Wednesday, April 7, 2010

The Lady and Sons

My daughter, Sophia, is a bonafide Foodie. She spends her money on cookbooks, asks to try new recipes and watches Food Network in her spare time. The first Food Network personality to hook her was Ms. Paula Deen, expert southern cook, lover of butter, and a Georgia native.

Her restaurant, The Lady and Sons, is on Congress St. in downtown Savannah, and we told Soph we'd give it a try. Now, friends, the word-of-mouth isn't good. I'd heard that the food was prepared without much care and that it was overpriced. But we wanted to give Miss Paula a fair shake so we checked out her website to see what hoops we'd have to jump through to get a table.

It turns out that they don't take traditional reservations. Instead, they open their hostess podium at 9:30 AM and arrange reservations for that day only. The Chupps rolled in at five past ten and were hoping for a lunch seating. Well, the line stretched to the end of the block. Mike drove around town with the kids while I waited in line. It moved quickly, but by the time I got to the hostess station, the earliest a party of five could be seated was at 8:30 PM.

When we got to the restaurant that night we had to wait in another line to check in. The hostess directed us to the Paula Deen Store next door, where she would collect us when our table was ready. It was full of the trappings one would expect at such a place: Paula Deen cookbooks and utensils, Paula Deen brand condiments and pre-packaged food, also t-shirts and aprons with sassy sayings for middle-aged, chubby home cooks to wear. We were seated on time, if not a bit early. We took an elevator to the second floor and walked past a fairly modest buffet to our table.
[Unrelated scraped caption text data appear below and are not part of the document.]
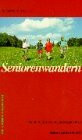 SeniorenWandern: 145 Routen im Salzburger Land (Die grünen Wegweiser)
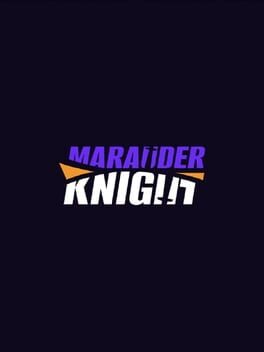Marauder Knight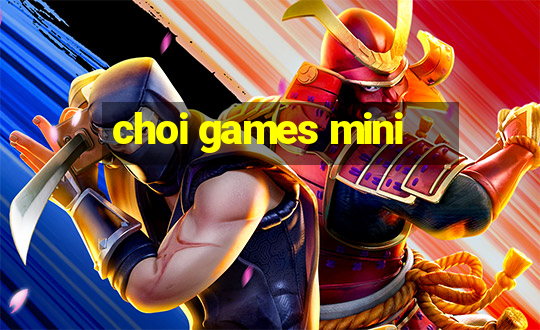 choi games mini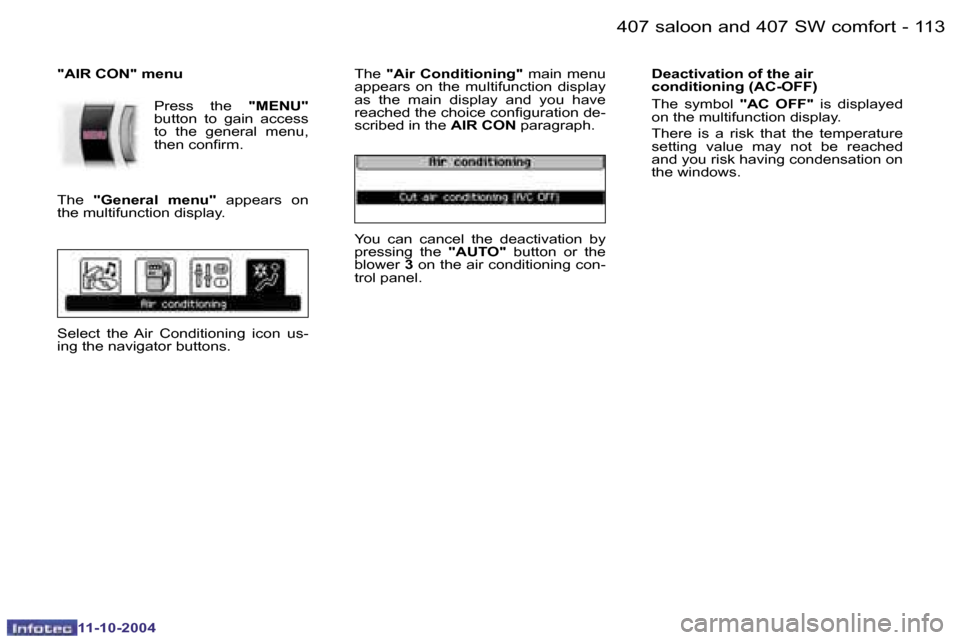 Peugeot 407 Dag 2004.5  Owners Manual �1�1�2 �-
�1�1�-�1�0�-�2�0�0�4
�1�1�3
�-
�1�1�-�1�0�-�2�0�0�4
�4�0�7� �s�a�l�o�o�n� �a�n�d� �4�0�7� �S�W� �c�o�m�f�o�r�t
�"�A�I�R� �C�O�N�"� �m�e�n�u
�P�r�e�s�s�  �t�h�e� �"�M�E�N�U�"� 
�b�u�t�t�o�n�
The buffet was nearly $18 for an adult and it looked to be the cheapest thing on the menu, so that's what we all got.

We were each given a garlic biscuit and a hoe-cake to whet our appetite. I really liked the hoe-cake, eaten with syrup as suggested by our server. The buffet included fried chicken, ribs, pineapple dressing, sweet potato casserole, yams, collard greens, mashed potatoes, lima beans and green beans. There was a salad bar, but no dessert bar. Our server proudly told us that dessert came with the buffet and she brought out a tray of the choices: peach cobbler, banana puddin' and a butter cake. Between the five of us, we got to sample all three. Meh. They were OK. And the portions were small.

I was glad for the chance to try collard greens, since I never had. The mashed potatoes were good. I bet they had cream cheese in them. Everyone agreed that my fried chicken is better. But absolutely no one at our table at $18 worth of food. We weren't even tempted to eat $18 worth, because it was exactly the same meal as the truck stop in South Carolina. The one named "Restaurant." Now I'm not saying that Paula's not a good cook. Maybe she is and maybe she isn't. But I AM saying that it bums me out that that since everyone believes she's a great cook, she has let herself off the hook. Instead of making sure people get great food that keep them coming back, she makes sure you have to go through the gift shop to get seated. That is cheek, ladies and gentlemen.

I guess no one would call this review scathing or anything, but I feel a little sad posting it. I really wanted it to be better. I thought the Deen family would care more. And since they don't, it feels like I can't be friends with them.

Besides, shouldn't it have been WORTH this enthusiasm?